By Christopher M. Matthews
The study, released Tuesday by Kroll Advisory Solutions, found that only 48.7% of Asia Pacific companies had made thorough assessments of risks arising from enforcement of the U.K. Bribery Act and the U.S. Foreign Corrupt Practices Act. Both laws prohibit bribes to foreign officials to win business and apply to companies listed on stock exchanges in the two countries.
Those that have not performed such assessments, 51.3%, either believed that their internal controls are not sufficient or simply do not know how robust their compliance systems are, the study found.

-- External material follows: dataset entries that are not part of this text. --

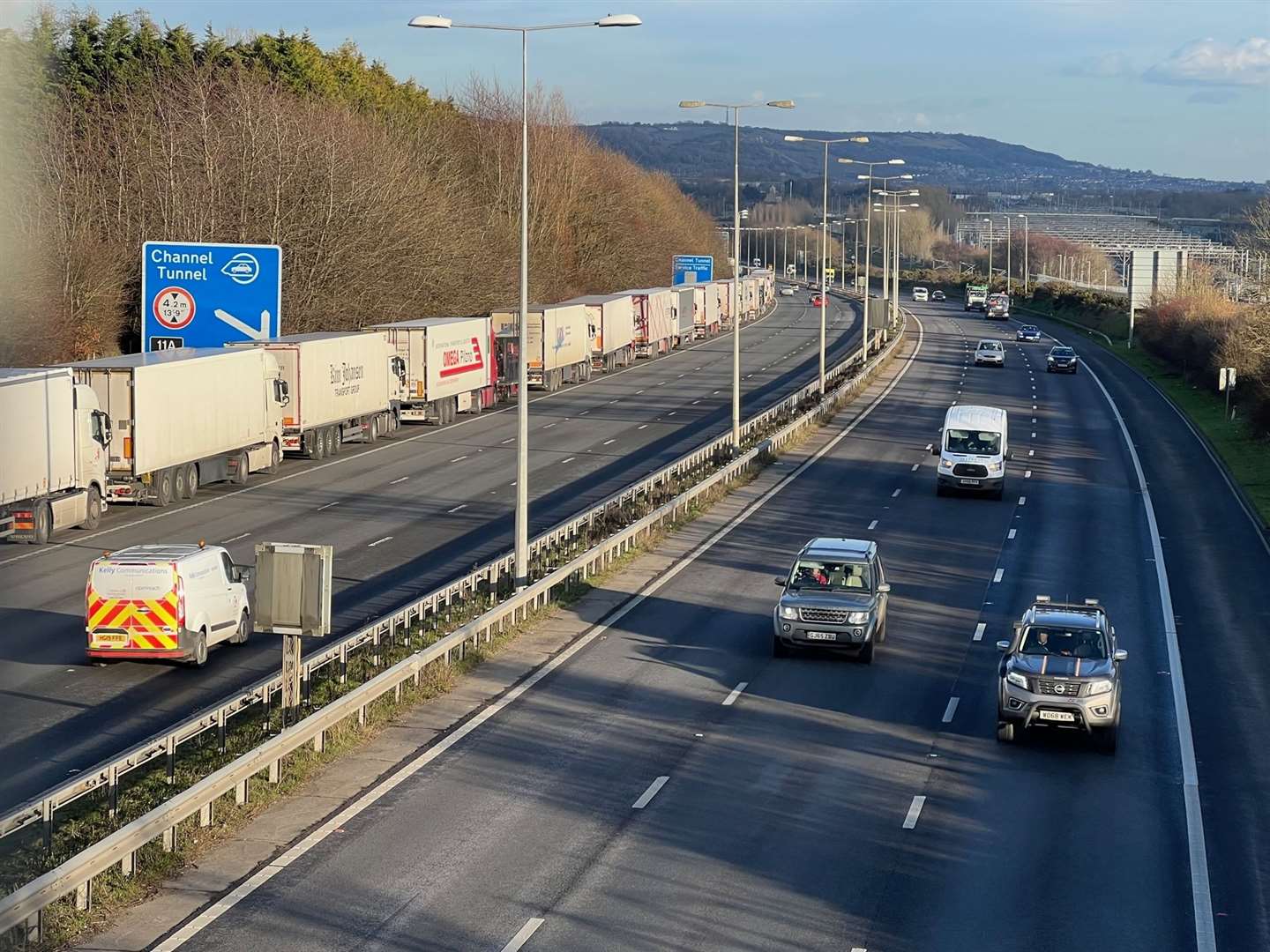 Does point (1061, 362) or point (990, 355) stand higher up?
point (990, 355)

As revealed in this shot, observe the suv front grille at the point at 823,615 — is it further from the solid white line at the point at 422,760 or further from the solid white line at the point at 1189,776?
the solid white line at the point at 1189,776

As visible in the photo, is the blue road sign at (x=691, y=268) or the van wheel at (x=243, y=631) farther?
the blue road sign at (x=691, y=268)

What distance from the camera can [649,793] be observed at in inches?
742

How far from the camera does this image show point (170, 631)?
2444cm

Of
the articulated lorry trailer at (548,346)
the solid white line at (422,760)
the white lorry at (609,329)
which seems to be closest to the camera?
the solid white line at (422,760)

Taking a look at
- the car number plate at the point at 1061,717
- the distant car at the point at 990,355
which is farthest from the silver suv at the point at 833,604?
the distant car at the point at 990,355

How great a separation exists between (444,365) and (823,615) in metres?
36.1

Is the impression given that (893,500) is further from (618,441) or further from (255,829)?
(255,829)

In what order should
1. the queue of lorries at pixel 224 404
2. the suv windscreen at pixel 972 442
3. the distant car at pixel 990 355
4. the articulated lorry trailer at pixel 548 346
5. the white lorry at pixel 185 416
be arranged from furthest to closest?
1. the distant car at pixel 990 355
2. the articulated lorry trailer at pixel 548 346
3. the suv windscreen at pixel 972 442
4. the white lorry at pixel 185 416
5. the queue of lorries at pixel 224 404

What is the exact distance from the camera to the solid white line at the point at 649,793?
18.4 metres

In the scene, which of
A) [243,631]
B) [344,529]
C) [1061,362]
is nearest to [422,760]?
[243,631]

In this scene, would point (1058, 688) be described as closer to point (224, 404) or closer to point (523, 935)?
point (523, 935)

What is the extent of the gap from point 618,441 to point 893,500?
14630 millimetres

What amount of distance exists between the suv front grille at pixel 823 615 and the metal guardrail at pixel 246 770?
15.6 ft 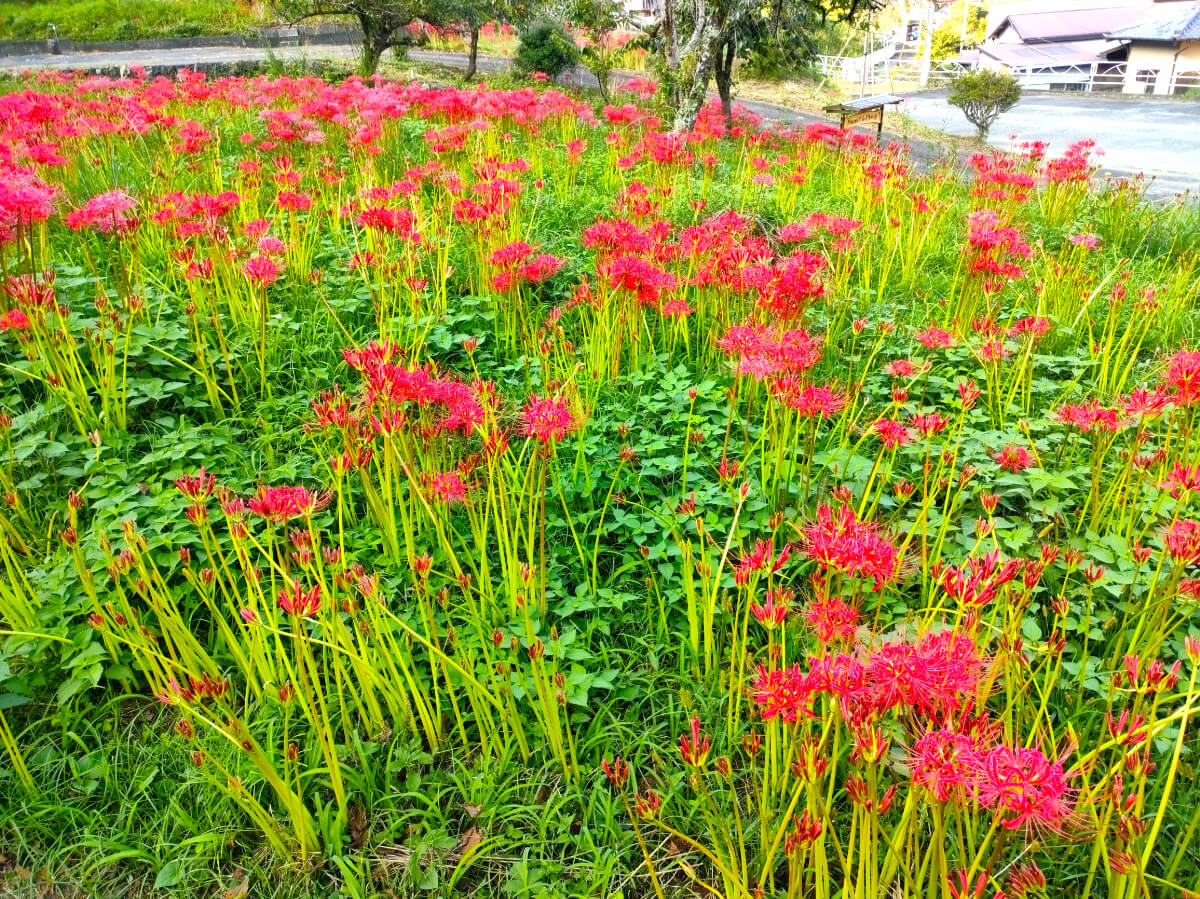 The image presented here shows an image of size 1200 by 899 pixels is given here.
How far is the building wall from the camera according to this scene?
37250 mm

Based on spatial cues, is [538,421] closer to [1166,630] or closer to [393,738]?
[393,738]

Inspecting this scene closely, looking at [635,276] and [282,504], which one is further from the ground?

“In Asia, internal compliance and legal teams are often not suitably staffed or experienced to handle a serious whistleblower allegation, and they don’t always know what to do when accusations are made,” Penelope Lepeudry, managing director Southeast Asia for Kroll Advisory Solutions, said in a news release.
The report surveyed more 200 senior executives at Asia-Pacific companies over the last year.
U.S. authorities have previously targeted Asian companies. In January, Japanese trading company Marubeni Corp. agreed to pay a $54.6 million criminal penalty under the FCPA for its role in a decade-long bribery scheme in Nigeria. In 2011, Japanese engineering and construction company JGC Corp. 1963.TO +0.26% agreed to pay a $218.8 million criminal penalty for the role it played in the same scheme.
Kroll said the findings were somewhat surprising, given that a past survey conducted by the investigative firm in first half of 2012 found that more than 70% of Asia-Pacific companies believed they were vulnerable to corruption and bribery.